If someone finds a product or service on your site that’s also on Amazon (or a site like it), BAM! You’re competing on price. That stinks. And you’ll lose most of the time.
Fortunately, you don’t have to win on price to win a customer. But to do that, your company needs to spend time figuring out how to bring your customers unique value – regardless of what you’re selling_._ Value is the predominant driver in determining things like pricing – unless you’re okay with shackling your pricing to the marketplace (which you shouldn’t be.)
Here are three different ways to make your company stand out from your competitors, even if you sell what everyone else sells:
1. Give Your Company a Human Face
Even though your customers know that you’re a business, they don’t want to feel like they’re talking to robots. Ever. Have you ever enjoyed an automated answering system? With Amazon? They’re talking to robots. With 99% of companies out there, they’re talking to robots.
See, as a small business you can take the extra effort for them, to make them feel like they’re working with human beings.
And the little things go a long way.
Take emails, for example.
Here’s a portion of an email I received confirming a recent American Eagle purchase:
Yeah, the layout is pretty awesome for a simple email confirmation and it definitely helps me confirm that I purchased my products from a legitimate source. But looking past the design to the content, and this is basically just a receipt.
Even though I know that, rationally, American Eagle is too big of a company to have sweet-faced employees perusing through shelves and wrapping my purchases with care, the sterile, clearly automated email confirmed that my purchase was just another order in the pipeline.
Compare this to the confirmation email from the folks at CD Baby, which famously helped to turn a small business into a $22 million company:
There are so many things that this email does right to put a human face on the company.
-
The narrative tells a sweet and whimsical story (think your kooky uncle)
-
The messaging expresses how much the company values each customer
-
The tone is playful, conversational and sincere
Adding personal, human touches to your marketing is one of the easiest ways to quickly make your company stand out from its competitors. Besides email, other strategies include having a human being answer each and every one of your support phone calls (we have barely over a dozen employees at Salsify, and almost half have our 800 number forwarded to our cell phones for exactly this reason) and responding in real time to social media interactions.
2. Be an Expert
If you sell products that traditionally come with a lot of associated parts and accessories – like cameras or apparel – providing an expert angle on purchasing is another great way to provide additional value for your customers.

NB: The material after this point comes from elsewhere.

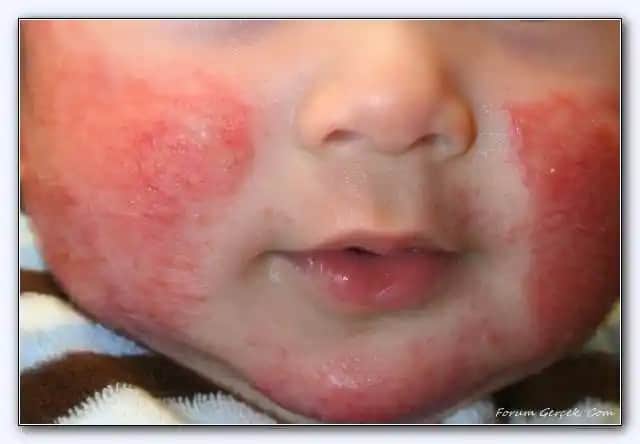 Çocuklarda Kafada Egzama: Nedenleri, Belirtileri ve Kozmetik Yaklaşımlar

Improving one-on-one expert consultation and, even better, successfully figuring out how to replicate it online are two great strategies for accomplishing this.
B&H Photo is a great example. The company charges ridiculously competitive prices for the key pieces of equipment, such as camera bodies. Even price-comparisons with Amazon favor B&H, so there’s no way they’re making much money off of these items.
So why would they do this?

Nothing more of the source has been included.